The National Museum of Ireland
Of all Dublin's free museums and galleries, the National Museum of Ireland is by far the largest, encompassing four separate museums.
They include the National Museum of Archaeology on Kildare Street, the Decorative Arts & History Museum at Collins Barracks, and the Natural History Museum at Merrion Square, as well as the Country Life Museum located in Turlough, County Mayo.
All four museum sites are open Tuesday to Saturday from 10 a.m. to 5 p.m., with closure on Thursdays during July, August, September and October at 8 p.m., in addition to Sundays and Mondays from 1 p.m. to 5 p.m. Admission is free to all of them.
Bank of Ireland Building (House of Lords)
This magnificent building occupying one side of College Green was the home of the Irish Parliament House until 1801, at which time the Act of Union was put into law, which united Great Britain and Ireland under the United Kingdom of Great Britain and Ireland.
The building's central House of Commons was remodeled, so there is no evidence that it was even there.
However, the smaller chamber, the House of Lords, was left untouched and is free to visit.
The chamber includes Irish oak woodwork, a mahogany longcase parliament clock, and a late 18th-century Dublin crystal chandelier.
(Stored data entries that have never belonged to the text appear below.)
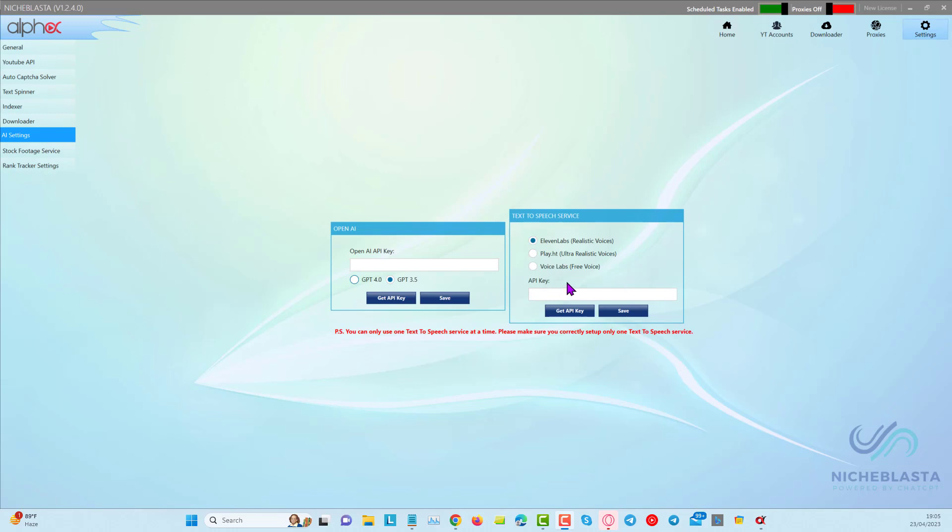This option here, VoiceLabs, it's a free option that we're currently developing. It currently has only one voiceover, but we will add more to it.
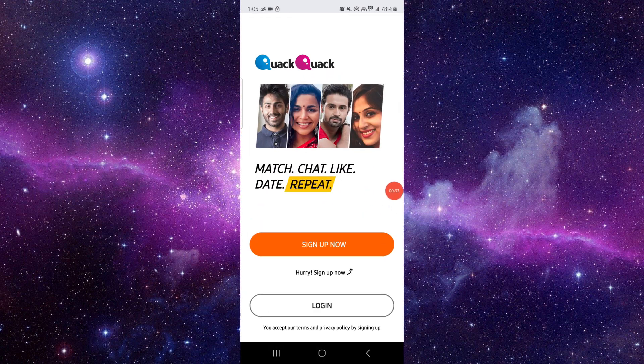This is how to fix the QQ app not loading. If you find this video helpful, make sure you like, subscribe, and share the video. Thank you for watching.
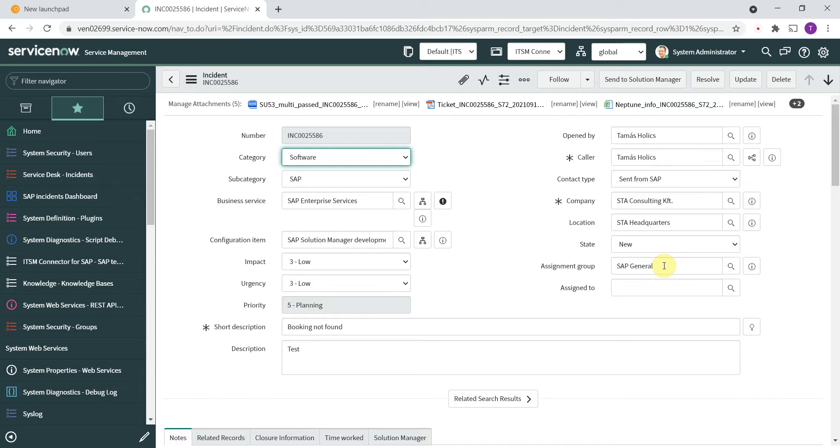The assignment group is also populated based on the rules that you can define. So if you have a dedicated Neptune assignment group with people responsible for supporting Neptune, then you can route the ticket directly to that. You can also route it based on the type of the application. So maybe a finance related app will go to the finance team, sales and distribution related app will go to the sales and distribution assignment group, and so on.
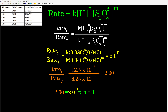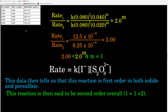Now we do the same thing to find M. We pick trials 1 and 3, where the iodide concentration stays the same but the persulfate concentration changes. Same approach — ratio of the first trial to the third trial. The iodide terms cancel. Taking the ratio of the rates gives 2.00, so 2.00 equals 2.0 to the M, meaning M equals 1 also — though that's not always the case. Now that we know N and M, the rate law is: K times concentration of iodide to the first power times concentration of persulfate to the first power. It's first order in both, and the overall order is 2.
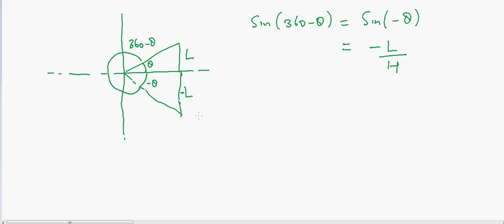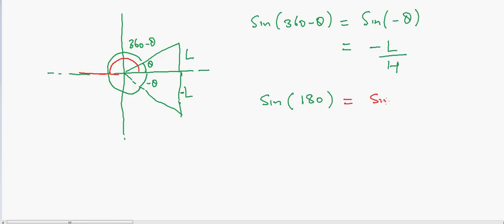Whenever you think about sine waves, think about the 2D coordinate map, draw a circle, and draw the triangle in your mind — you should be able to figure out these relationships. For example, sine of 180 degrees: you go around the circle back to the x-axis, and the hypotenuse approaches the base again. So sine of 180 equals sine of zero, which equals zero, because we again approach the x-axis. This is the x-axis and this is the y-axis.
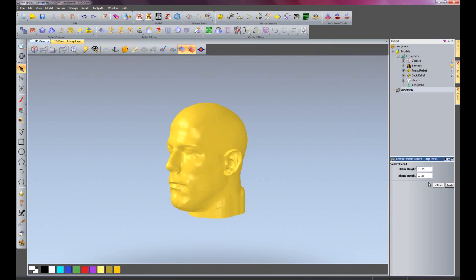I click next. It gives me the height for the detail and the shape. I'm just going to leave these at the default values and click finish.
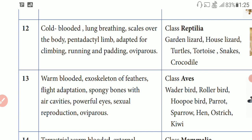Oviparous means the laying of eggs — these are egg-laying organisms.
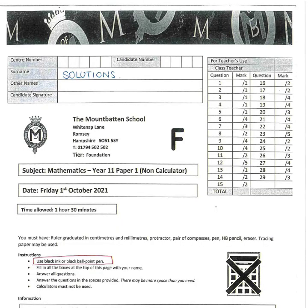Hi everyone, this is a video that's going to take you through the worked solutions we've put together for the most recent assessment that you did in October. The purpose of the video and the worked solutions is to help you with questions that you either struggled with or where you made a mistake. It's really important that you use this video and the worked solutions in the best possible way.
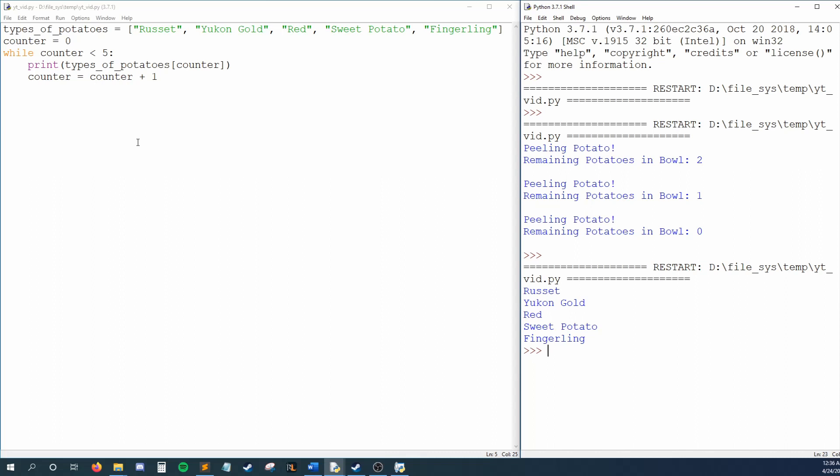We repeat this over and over until our counter reaches five. At that point, counter is not less than five, so our condition fails and our loop ends. This is exactly what we want, because at this point all of the potatoes in our list have been printed out.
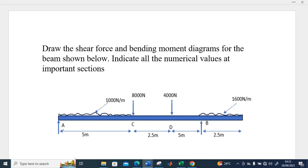We have a reaction at A and a reaction at B. We have a uniformly distributed load of 1000 N/m from A to C, a point load of 8000 N at C, a point load of 4000 N at D, and a uniformly distributed load of 1600 N/m from B to the extreme end of the beam. The distances at which these forces act are also indicated.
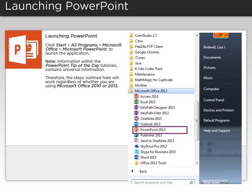Information within the PowerPoint tip of the day tutorials contains universal information. Therefore, the steps outlined here will work regardless of whether you are using Microsoft Office 2010 or 2013.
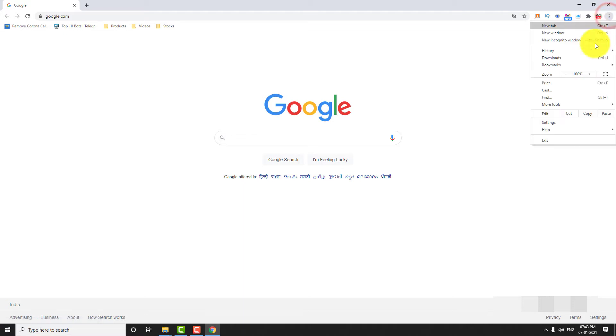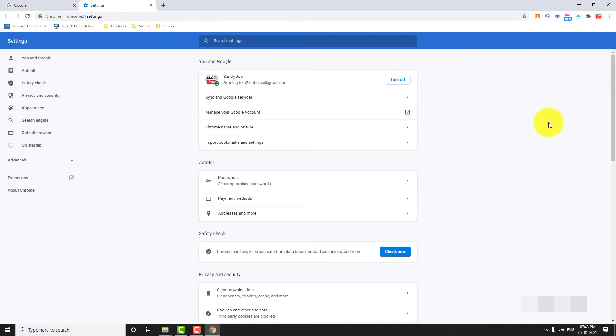Go to Settings. In the left sidebar, click on Privacy and Security.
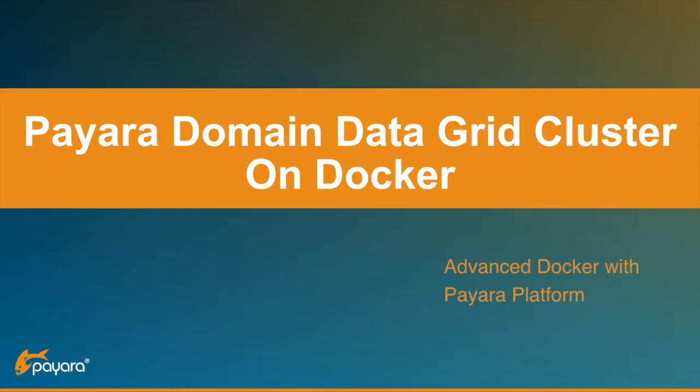Welcome to this video tutorial where I show you some advanced Docker techniques. I will demonstrate how you can cluster two domain data grids of Payara on Docker containers.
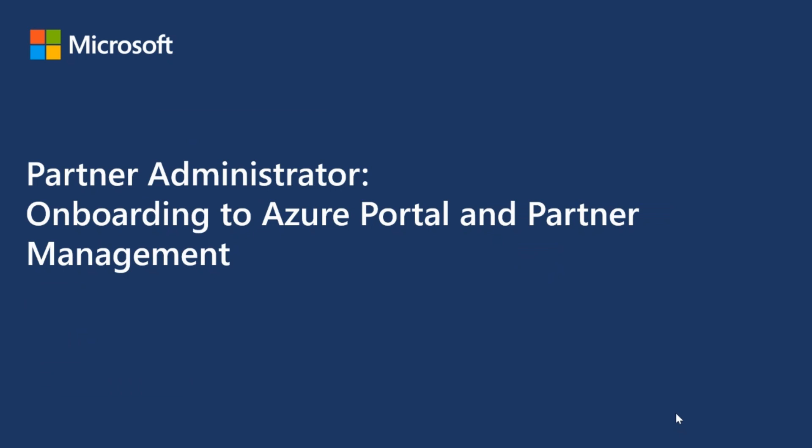Hello, in this video you will be provided with onboarding information in the Azure portal and partner management. Let's begin.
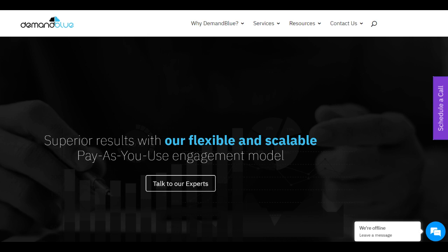In summary, Demand Blue emerges as a reputable Salesforce consulting partner, offering a comprehensive range of services and a team of skilled consultants. Its expertise, flexible engagement models, and tailored solutions significantly contribute to clients' Salesforce success.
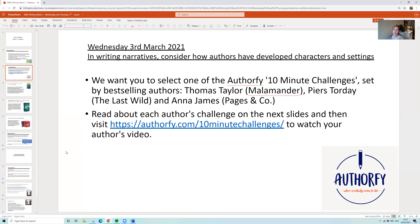We're going to spend a little bit of time looking at the different challenges these authors have set. I'll read through them with you, and then you can go back and have another read to select which challenge you'd like to have a go at. Once you've selected your challenge, you can visit authorfy.com and watch the author's video, where the author talks about how they get inspired and then sets you the writing challenge.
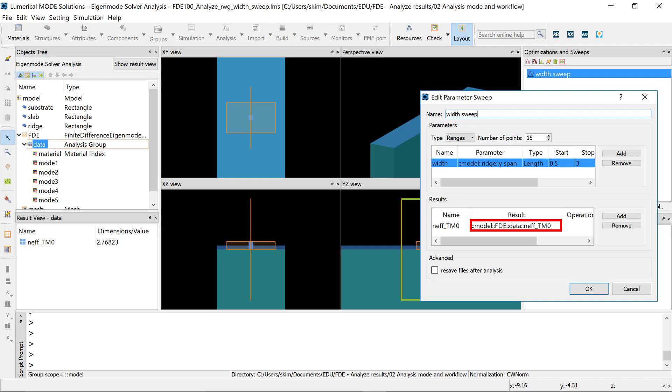The analysis script must collect all quantities of interest. Here we just collect the effective index, but you may also want to save the modal field profiles.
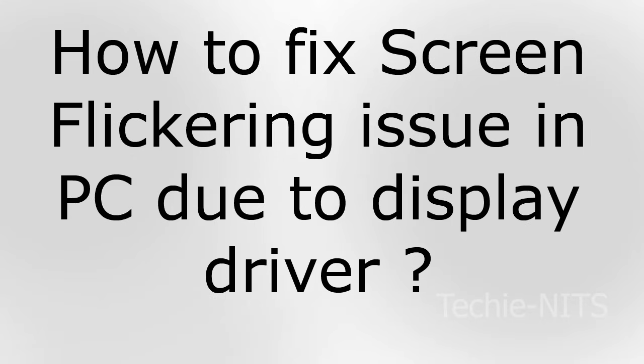Hey guys, thank you for tuning in to my channel. Today we're going to see how we can fix screen flickering issues in your laptops or desktops. Usually this issue occurs when you've updated your Windows recently, updated your display driver, or if there's a corrupted display driver.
It is said that the design was used to create the U.S. House of Representatives in Washington, D.C.
Visitors can walk in and see the attraction during regular banking hours.
Take $25 off your hotel reservation when you sign up with Hopper. Click on the link below to get the special Ireland on a Budget savings code.
The James Joyce Tower and Museum
The Martello tower in the seaside village of Sandycove, about 7 miles from Dublin’s City center, is where Irish writer James Joyce spent six nights in 1904.
His university friend, Oliver St. John Gogarty, was already living in the tower when he moved in. On Sept. 14, 1904, Joyce abruptly left and soon after, moved to Zurich, Switzerland, with his partner and later wife Norah Barnacle.
Inside the tower/museum, you’ll find some of Joyce’s possessions and other objects associated with the Ulysses novel. The living space is set up to resemble what a room in 1904 would have looked like.
This museum is a place of pilgrimage for Joyce devotees, especially on June 16th, known as Bloomsday, one day in a 6-day celebration in Dublin called the Bloomsday Festival.
From the tower, you’ll get panoramic views of nearby Dun Laoghaire (pronounced “Done Leerey”) and the South Dublin coastline.
The museum is open from Tuesday through Saturday from 10:30 a.m. to 4:30 p.m. While admission is free, donations are welcome.
Feel free to visit Dublin's free museums and galleries on your next visit to the capital city.